Tropical Storm Dorian was swirling in the Caribbean Sea on Wednesday, cruising slowly north as it threatened to hit Puerto Rico within hours and possibly to strike Florida's Atlantic coast by Monday.
Dorian marks the second storm of the 2019 hurricane season to threaten mainland U.S. shores, after Hurricane Barry drenched New Orleans and the Gulf Coast on July 13, causing extensive flooding and road closures.
A blow to Puerto Rico would come as a particularly cruel twist, coming just two years after Hurricane Maria devastated the U.S. island territory in September 2017, causing thousands of deaths, running up tens of billions of dollars in damage, and hobbling logistics operations for months.
Keep up with the storm
In preparation for the impact of Dorian, Port San Juan was closed on Wednesday by the U.S. Coast Guard for all freight and cruise ship operations. By setting "port condition zulu" forall maritime ports in the U.S. Virgin Islands and Puerto Rico, the Coast Guard has closed the region to all commercial inbound and outbound vessel traffic until the storm has cleared the area. Neither Florida's Port Miami nor the Port of Jacksonville had yet set similar restrictions at mid-day on Wednesday.
Humanitarian relief organization the American Logistics Aid Network (ALAN) was also laying the groundwork for a recovery effort on Wednesday, asking supply chain professionals to stand ready to donate transportation, space, services, and equipment. "The strength and path projections for Dorian are still very uncertain, but do suggest that it could be a destructive and dangerous event for Florida and potentially all of the Southeast and Gulf Coast," ALAN Executive Director Kathy Fulton said in a release.

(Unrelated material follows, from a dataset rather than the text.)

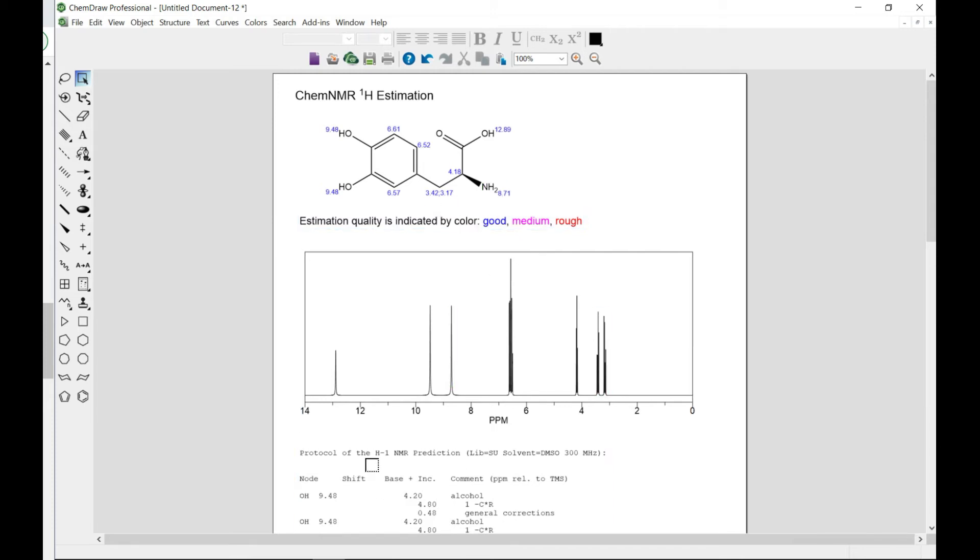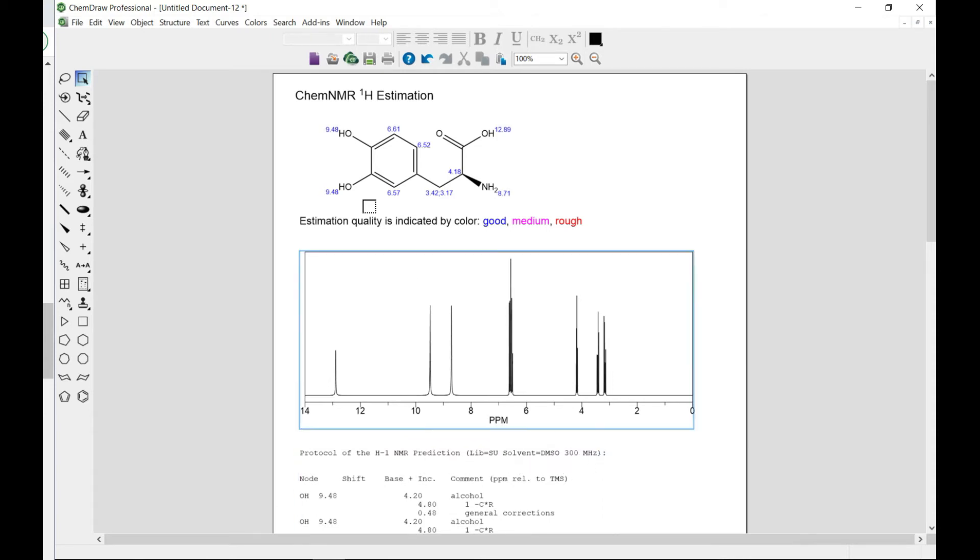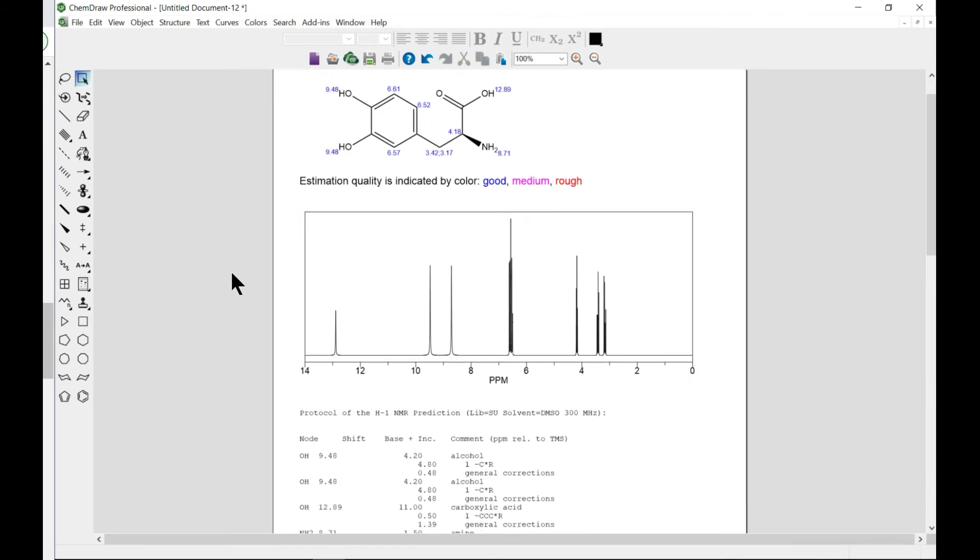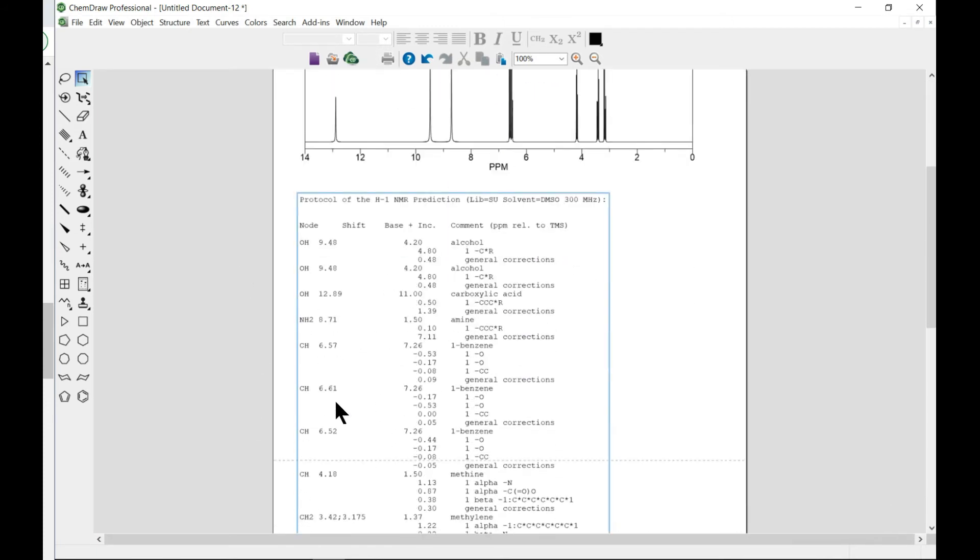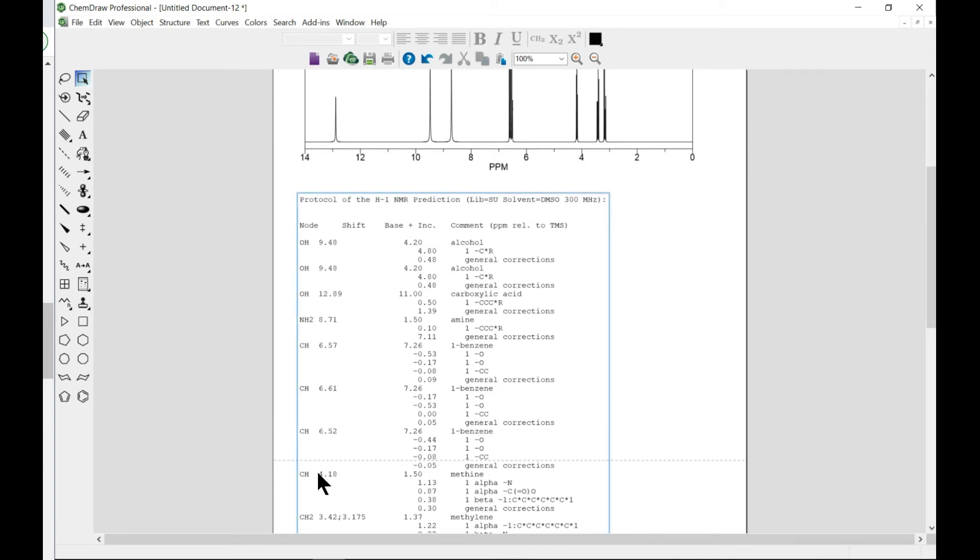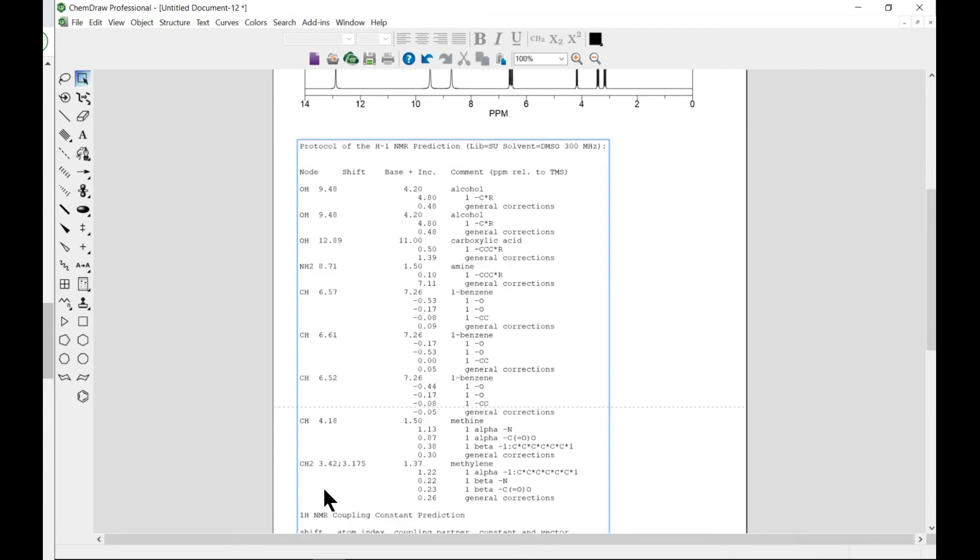And it gives you the protocol. So it tells you the solvent that we chose and also the frequency. And as I showed, you can go in and change that. And it gives you all the information that you need, the shift, the nodes, and all.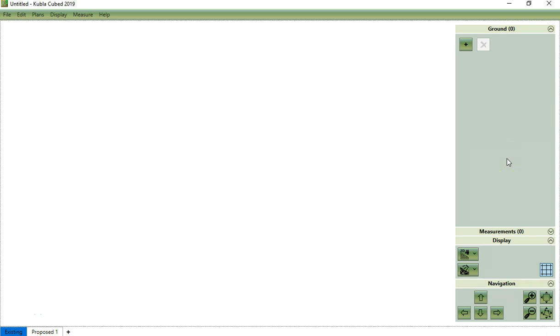A triangle surface can be loaded to define your existing terrain when you have a file which contains a defined surface. Examples of files that may contain surfaces include CAD files, LandXML files, or other Kubla files.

"During our 14 years of operation, we've seen some potentially catastrophic hurricanes that have turned into relatively minor events while others have morphed into far more major events than originally anticipated," Fulton said. "Obviously, we hope Dorian will turn out to be the former. However, if it isn't, we want people to remember that we are here to assist--and that when it comes to these storms, there's no such thing as too ready."
The barrage of storms swamping U.S. ports in recent years has also gotten the attention of the American Association of Port Authorities (AAPA), which said today that its annual convention would include a new track titled "Coastal Resiliency." The session is intended to improve the ability of ports and coastal communities to prepare for, withstand, and bounce back from the impacts of severe weather events and sea-level rise, according to a preview of the group's 108th Annual Convention and Expo, scheduled to convene Oct. 13 in Norfolk, Va.